For a while there was a bug in kobold.club which caused people to misinterpret the difficulty guidelines as ceilings rather than floors. It's fixed now, but from the looks of it you may have stumbled into that same error. For example, 4 11th level PCs vs. 3 Ropers is 10,800 XP, which is over the 9600 XP "Hard" threshold but not up to the 14,400 XP "Deadly" threshold, so it is a Hard encounter. Your spreadsheet has it listed as "Deadly." Similarly, 1 Ghost + 1 Stone Golem is also Hard, not Deadly. 4 Elementals is indeed Deadly though.

Hmm ok. I used to think it worked this way until reading the example in one of the earlier free rulesets. I'll have to go and double check.
 

Tormyr

Adventurer
Hmm ok.

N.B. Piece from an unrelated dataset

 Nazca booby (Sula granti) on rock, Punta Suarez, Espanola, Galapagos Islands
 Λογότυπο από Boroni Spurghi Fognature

I used to think it worked this way until reading the example in one of the earlier free rulesets. I'll have to go and double check.

The first version of the Basic DMG had difficulty thresholds explained as "everything up to this number is a hard encounter." Version 0.2 of the free DMG replaced that with "everything over this threshold is a hard encounter."
 

Shadowdweller00

Adventurer
I'm not convinced there should always be a direct correlation between int score and tactical cleverness. I feel like a pack of wolves could very well have more tactical skill than a disorganized room full of scholars.
But once you start putting those scholars in neat, tidy rows...watch out! (Apologies, couldn't resist)
 

DaveDash

Explorer
The first version of the Basic DMG had difficulty thresholds explained as "everything up to this number is a hard encounter." Version 0.2 of the free DMG replaced that with "everything over this threshold is a hard encounter."

Interesting thanks. That changes things a bit. I never bothered to reread that section carefully enough obviously.
 

The first version of the Basic DMG had difficulty thresholds explained as "everything up to this number is a hard encounter." Version 0.2 of the free DMG replaced that with "everything over this threshold is a hard encounter."

Oh, no wonder everybody read it "wrong" then--it wasn't wrong, we just didn't notice the delta when it changed. That explains a ton, thanks.